## DATA FOR PROCESSING
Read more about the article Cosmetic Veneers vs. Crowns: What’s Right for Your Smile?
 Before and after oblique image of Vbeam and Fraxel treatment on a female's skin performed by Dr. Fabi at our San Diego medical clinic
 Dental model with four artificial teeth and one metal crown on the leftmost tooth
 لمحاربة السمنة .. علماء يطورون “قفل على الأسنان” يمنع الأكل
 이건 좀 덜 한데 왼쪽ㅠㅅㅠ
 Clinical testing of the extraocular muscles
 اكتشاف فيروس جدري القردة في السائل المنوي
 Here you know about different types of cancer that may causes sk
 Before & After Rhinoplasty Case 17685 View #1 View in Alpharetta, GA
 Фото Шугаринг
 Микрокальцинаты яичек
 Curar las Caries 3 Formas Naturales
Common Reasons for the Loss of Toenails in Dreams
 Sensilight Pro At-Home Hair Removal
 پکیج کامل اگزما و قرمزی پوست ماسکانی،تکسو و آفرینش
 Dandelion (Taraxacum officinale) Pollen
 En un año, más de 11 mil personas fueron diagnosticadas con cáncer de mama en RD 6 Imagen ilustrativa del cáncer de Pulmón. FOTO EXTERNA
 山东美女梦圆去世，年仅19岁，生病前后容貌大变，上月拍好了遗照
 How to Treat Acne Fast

## PROBLEM REQUIREMENTS
Nothing but the lines from the line with "Dandelion (Taraxacum officinale) Pollen" to the last line of the listing above should appear; please retype them exactly, both ends included.

## WORKED SOLUTION
 Dandelion (Taraxacum officinale) Pollen
 En un año, más de 11 mil personas fueron diagnosticadas con cáncer de mama en RD 6 Imagen ilustrativa del cáncer de Pulmón. FOTO EXTERNA
 山东美女梦圆去世，年仅19岁，生病前后容貌大变，上月拍好了遗照
 How to Treat Acne Fast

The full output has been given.